Problem to solve: Go to the line with "Ресторан McDonald's в" in the entries below and write out every line from there through the line with "BrittanyDiaz stripchat live cam model", exactly and without pictures.

Data for processing:
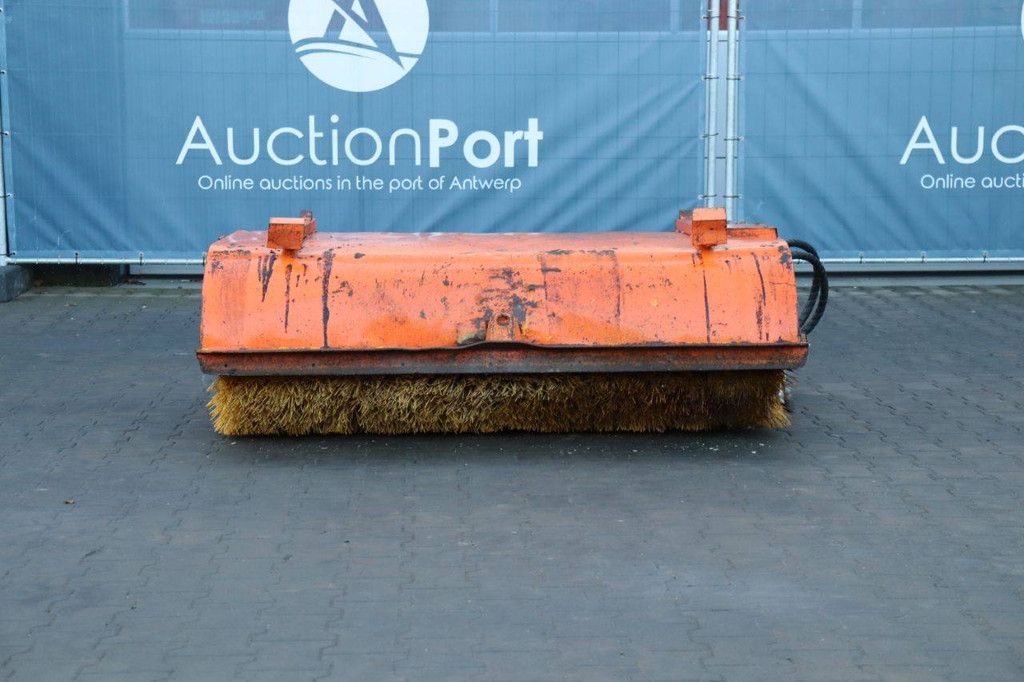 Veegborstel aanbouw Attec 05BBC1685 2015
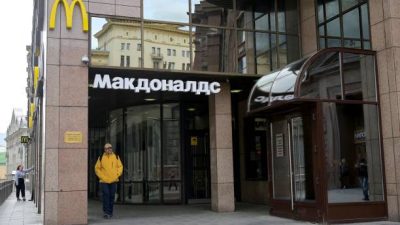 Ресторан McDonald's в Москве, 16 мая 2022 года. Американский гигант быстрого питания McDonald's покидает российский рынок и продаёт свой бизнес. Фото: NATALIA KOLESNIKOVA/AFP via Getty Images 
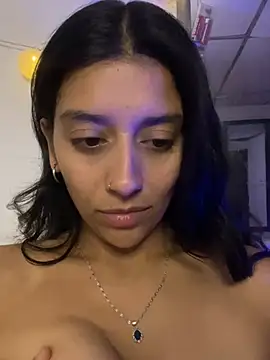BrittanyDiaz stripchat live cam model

---

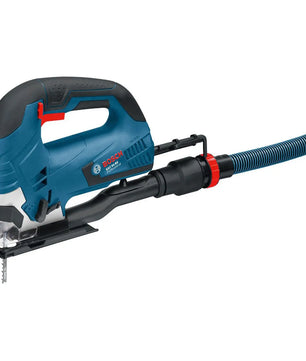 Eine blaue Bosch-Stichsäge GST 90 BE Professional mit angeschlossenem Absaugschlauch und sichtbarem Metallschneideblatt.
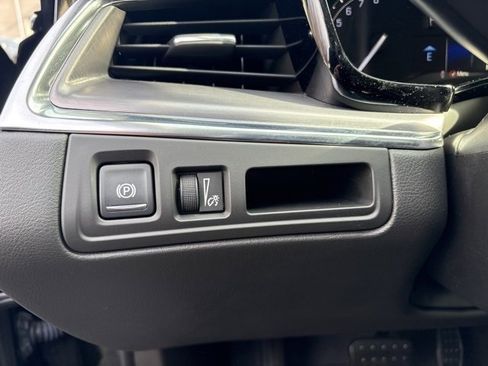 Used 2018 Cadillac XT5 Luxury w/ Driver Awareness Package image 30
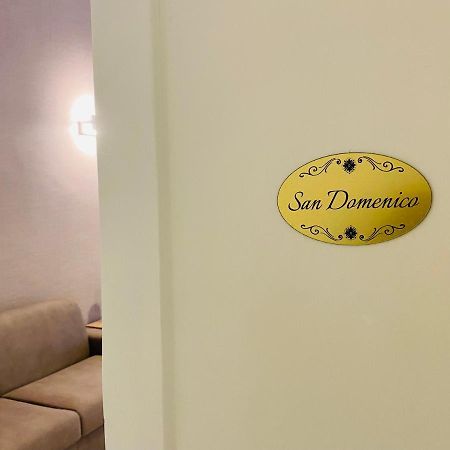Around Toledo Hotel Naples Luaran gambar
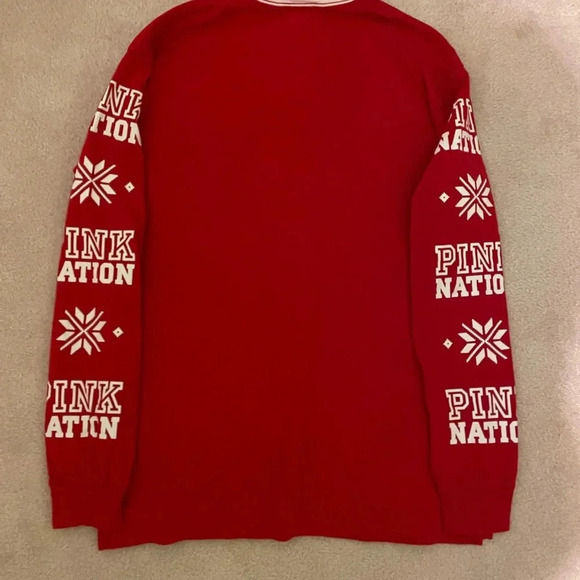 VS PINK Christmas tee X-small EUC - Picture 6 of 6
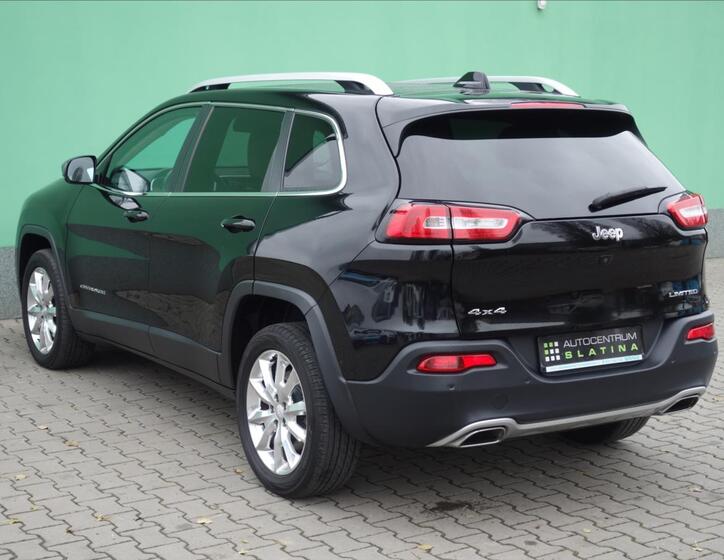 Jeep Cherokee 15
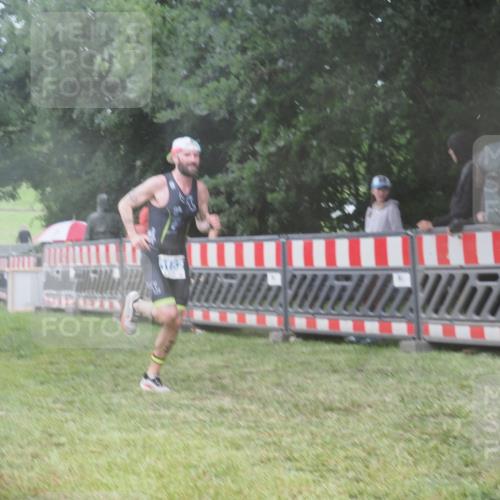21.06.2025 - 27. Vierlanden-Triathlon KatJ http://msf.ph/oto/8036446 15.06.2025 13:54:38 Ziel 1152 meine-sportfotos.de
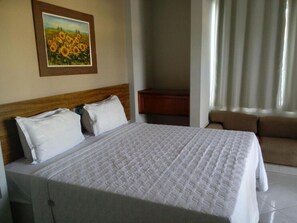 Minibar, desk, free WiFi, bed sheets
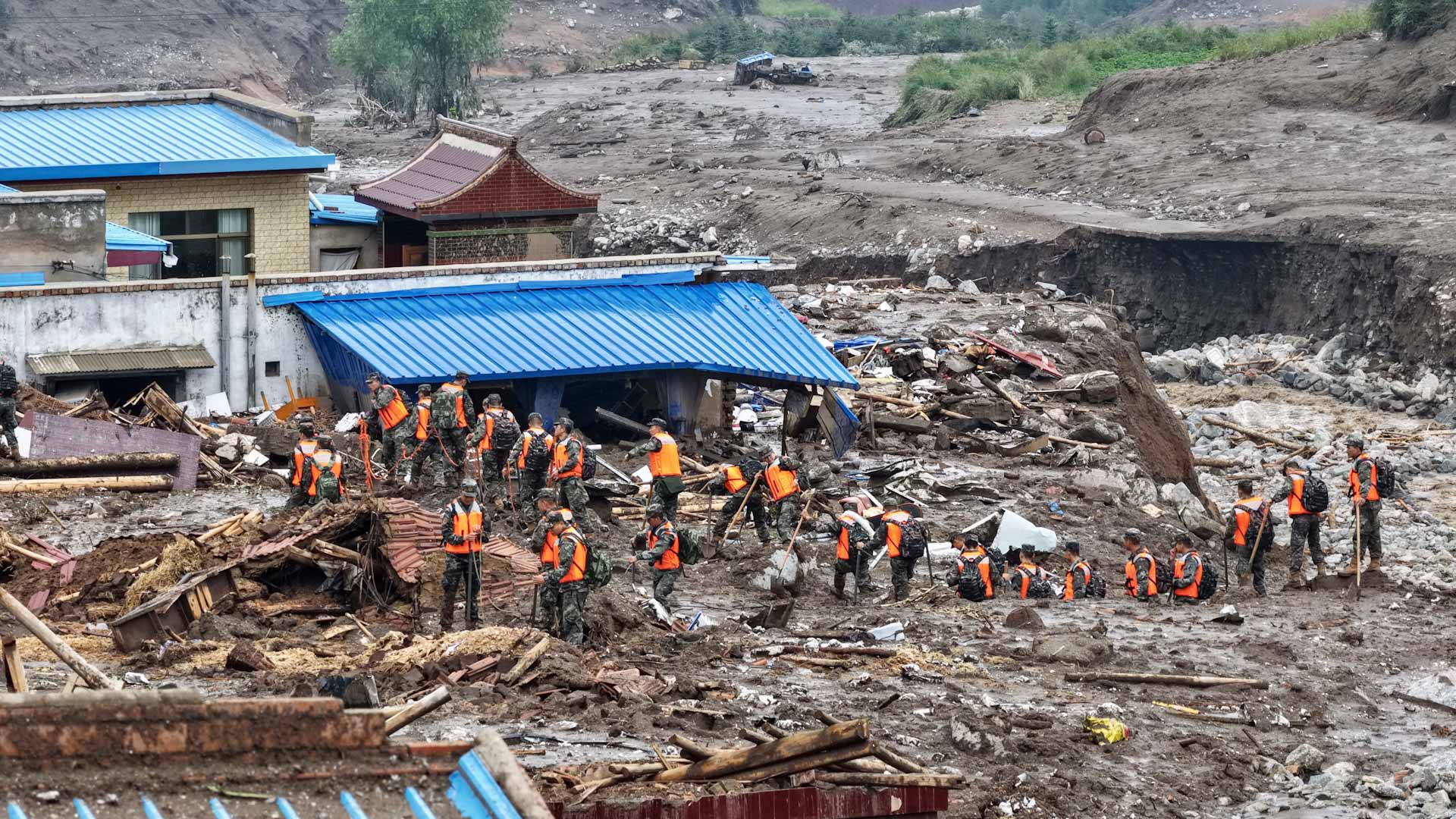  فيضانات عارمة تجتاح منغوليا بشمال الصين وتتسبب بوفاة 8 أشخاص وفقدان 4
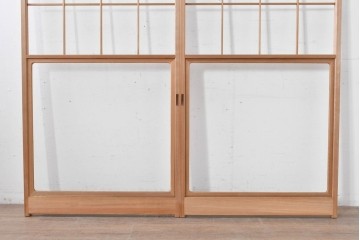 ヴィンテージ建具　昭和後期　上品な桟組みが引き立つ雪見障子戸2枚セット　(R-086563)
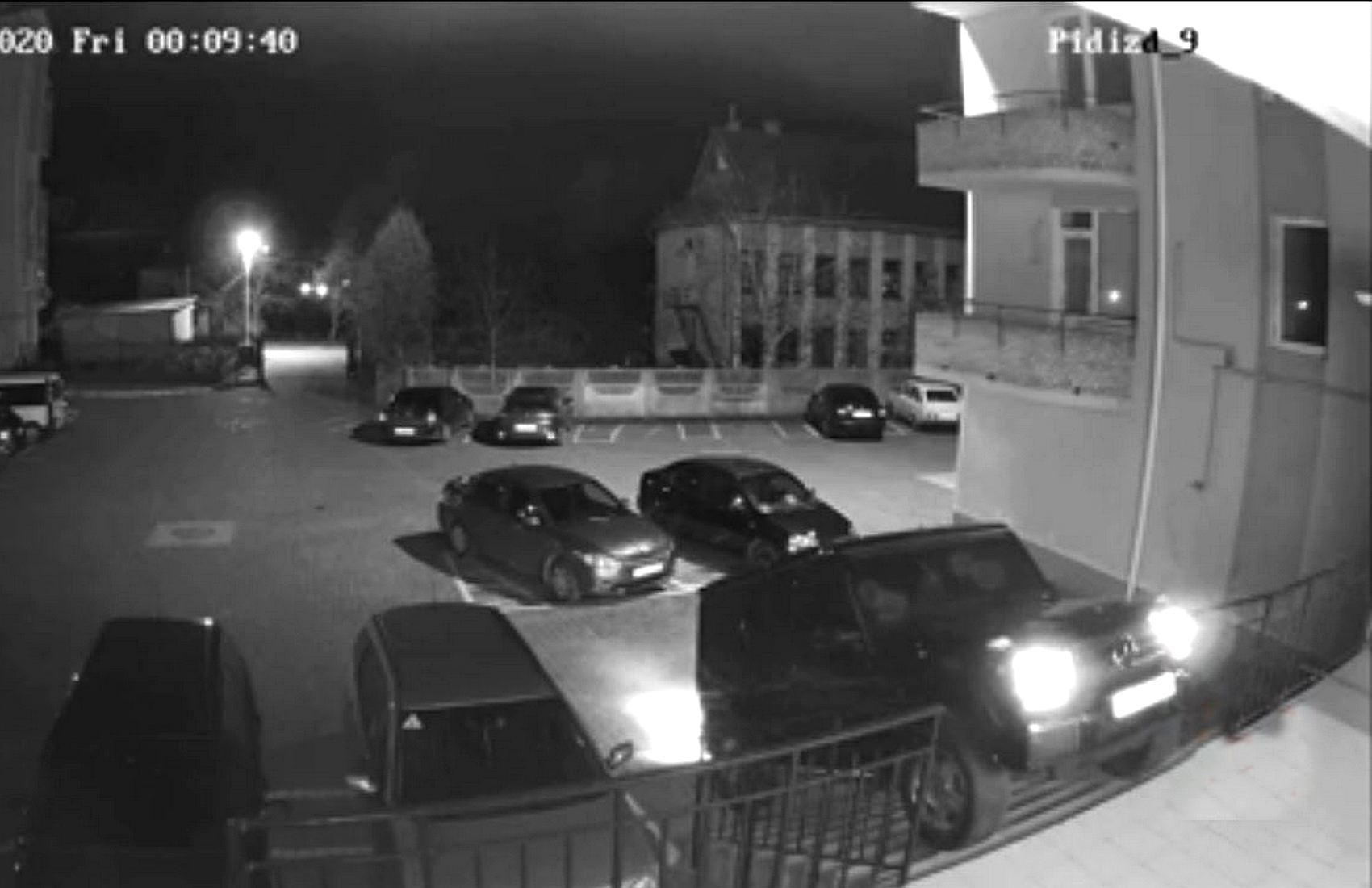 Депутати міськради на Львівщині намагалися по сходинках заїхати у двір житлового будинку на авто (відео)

---

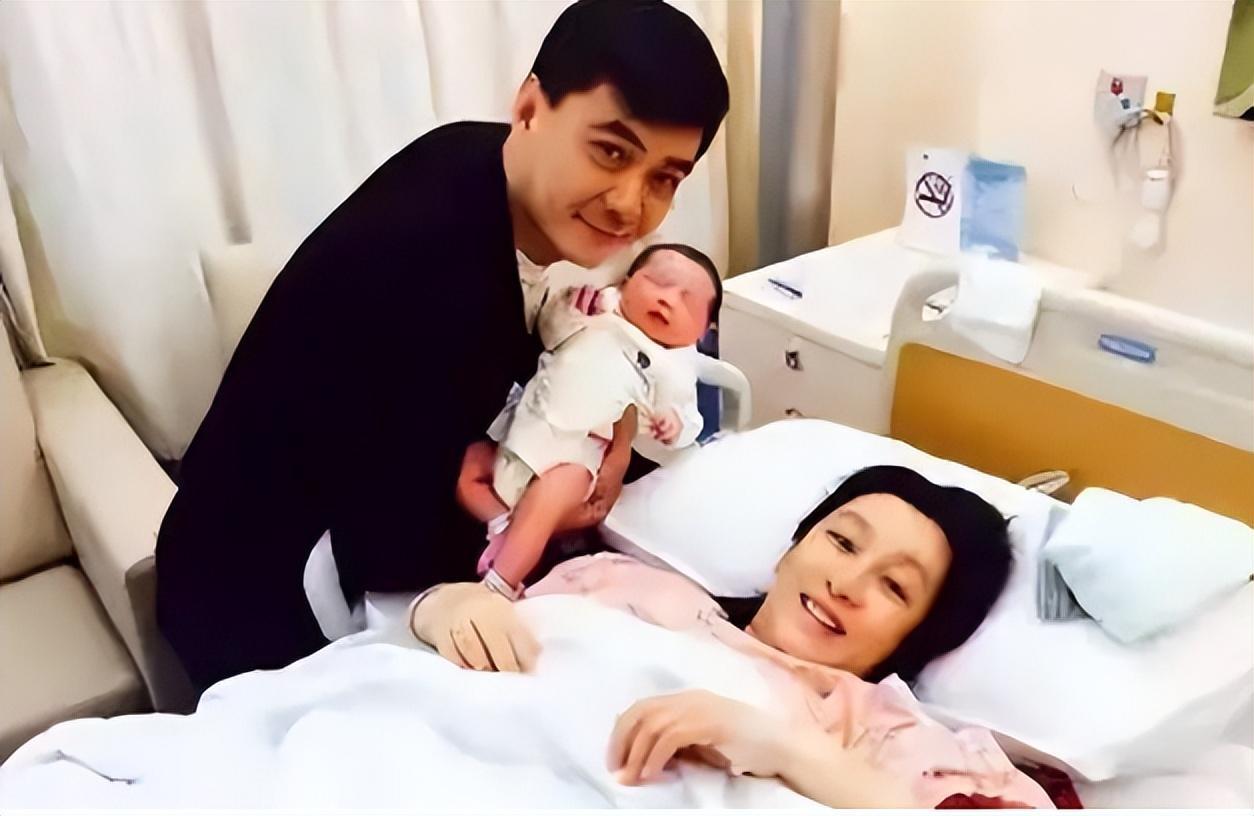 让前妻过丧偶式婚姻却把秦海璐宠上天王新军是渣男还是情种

Your response:
 Ресторан McDonald's в Москве, 16 мая 2022 года. Американский гигант быстрого питания McDonald's покидает российский рынок и продаёт свой бизнес. Фото: NATALIA KOLESNIKOVA/AFP via Getty Images 
BrittanyDiaz stripchat live cam model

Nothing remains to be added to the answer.